Maşa kafa maşa mermer

Balyanlar mimar değil, kalfa da değil; harç karıştırmayı bile bilmezlerdi; arşivde belgesi var, isteyene gösteririz. Zaten Mimar Sinan da Türk oğlu Türk’tü. Bakmayın ‘devşirmeyim’ dediğine, mezarından kafasını bile çıkarıp ölçtük, kocamandı. Zaten Ermeni olsaydı öyle mükemmel eserler veremezdi. Dadyanlar da barutçubaşı değildir mesela, baruthanenin yolunu bile bilmezlerdi. Yüz sene boyunca dört Osmanlı sultanına hizmet vermiş olmaları, devleti kandırdıklarını gösterir. Göğüslerindeki nişanları da bit pazarından pazarlıkla satın almışlardır. Sarrafçıbaşılar, kuyumcubaşılar, ekmekçibaşılar, darphane eminleri hep sultanların iyi niyetinden yararlanıp mevki sahibi olmuşlar.
Bimen Şen de o hesap. Çalıntı bestelerle Atatürk’ün gönlünü kazanmış, “Yüzüm şen, hatıram şen, meclisim şen” şarkısına kanan yüce önder onun Der Ğazaryan olan soyadını “Şen”e çevirmiş. Hagop Martayan’a da “Dilaçar” soyadı verilmiş; halbuki Türkçeyi doğru dürüst bilmezdi bile, eşe dosta mektuplarını da Ermenice yazarmış. Ara Güler de fotoğrafçı değildir zaten, bayatlamış fotoğraf filmleri satan bir işportacıdır, nasıl olup da dünyaca ün kazandığını tespit edemedik.

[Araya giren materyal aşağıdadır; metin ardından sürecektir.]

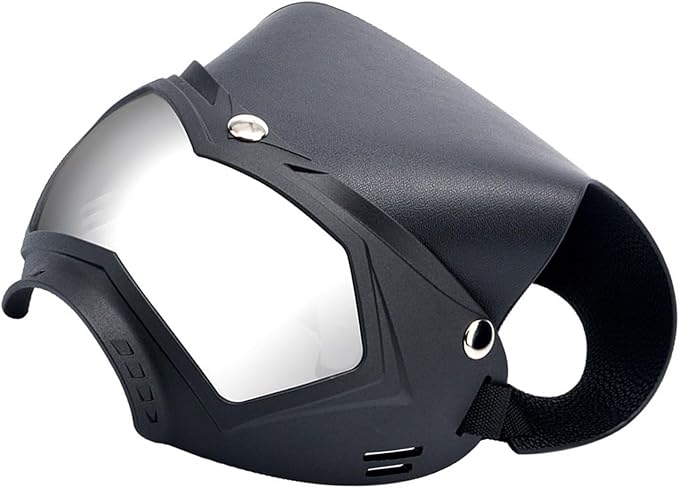Windproof Shades for Pet Dogs Eye Wear Protections for Outdoor Eye Protections Sports Supplies Adjustable Pet Hat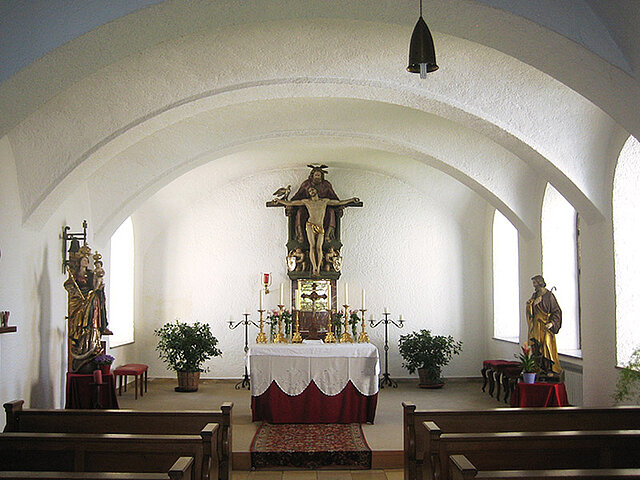 Schloßkapelle Bad Grönenbach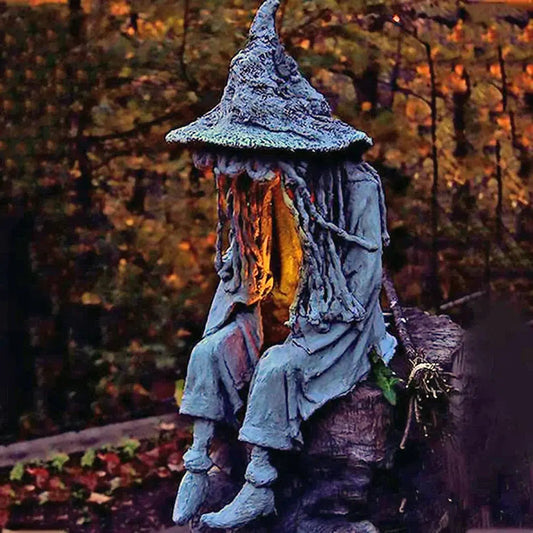 WitchGlow™ — Effortless Solar-Powered Halloween Magic Mivoza Deutschland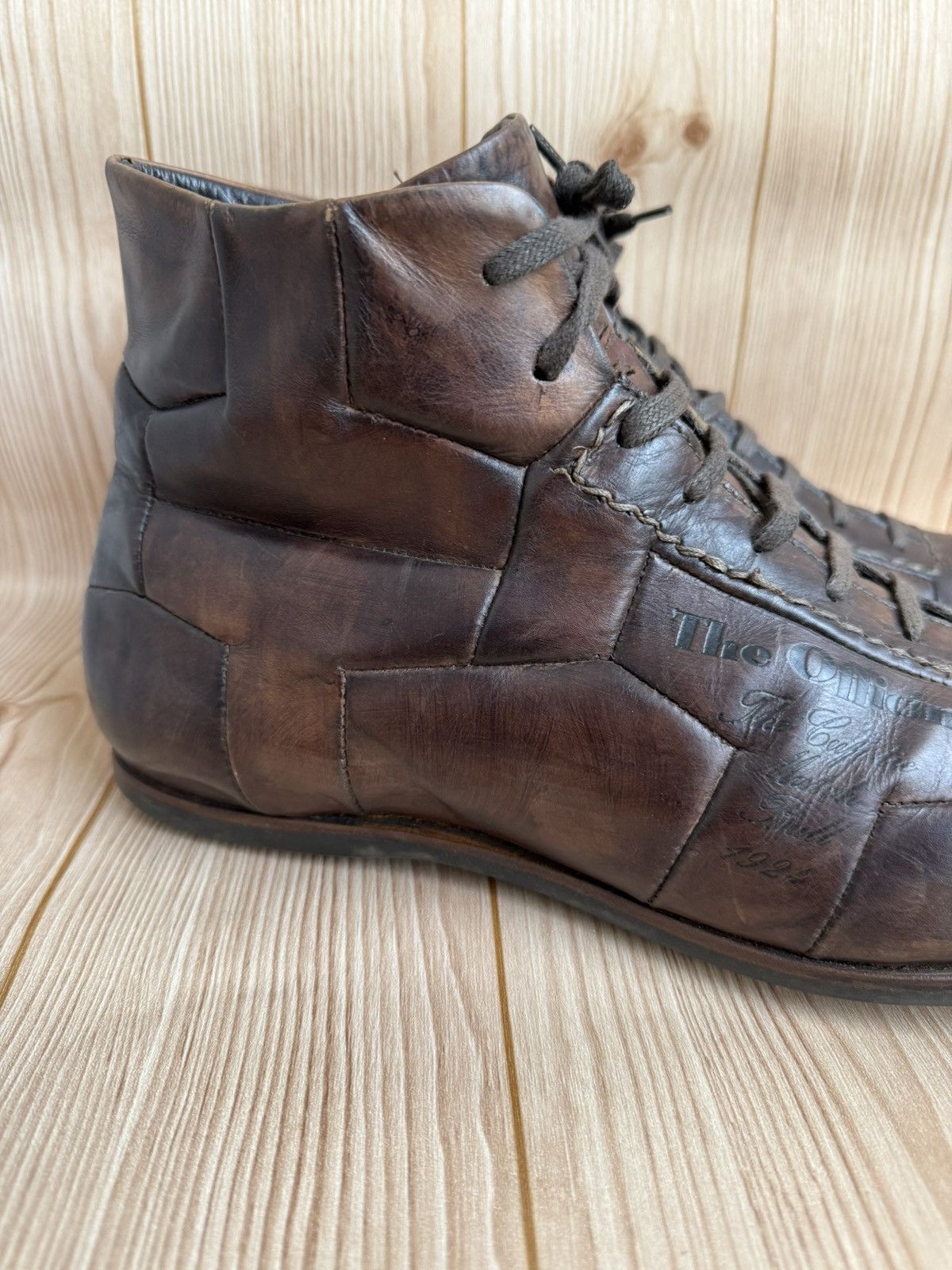 Officine Creative Officine creative Soccer boots🔥😮‍💨 Size US 9 / EU 42 - 11 Thumbnail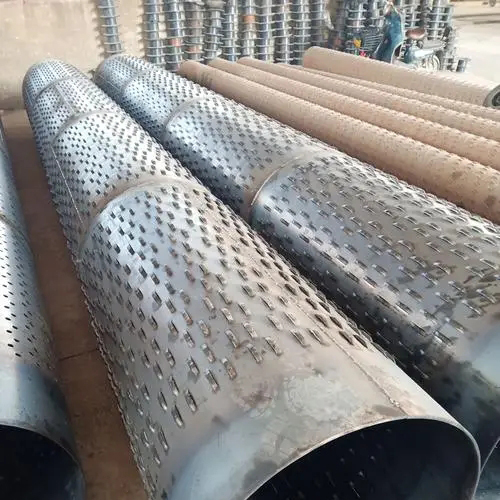 博尔塔拉滤水管规格型号的选择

Velhasıl, bu Ermeni milletinin, ki maşa bir millet olduğu malumunuzdur, kültürümüze hiç katkısı olmamıştır. Yüzyıllarca hoşgörümüz sayesinde beraber yaşamışız. Hoşgörünün de sınırı var tabii, baktık ki maşalığa devam ediyorlar, paşa paşa defterlerini dürdük, gittiler.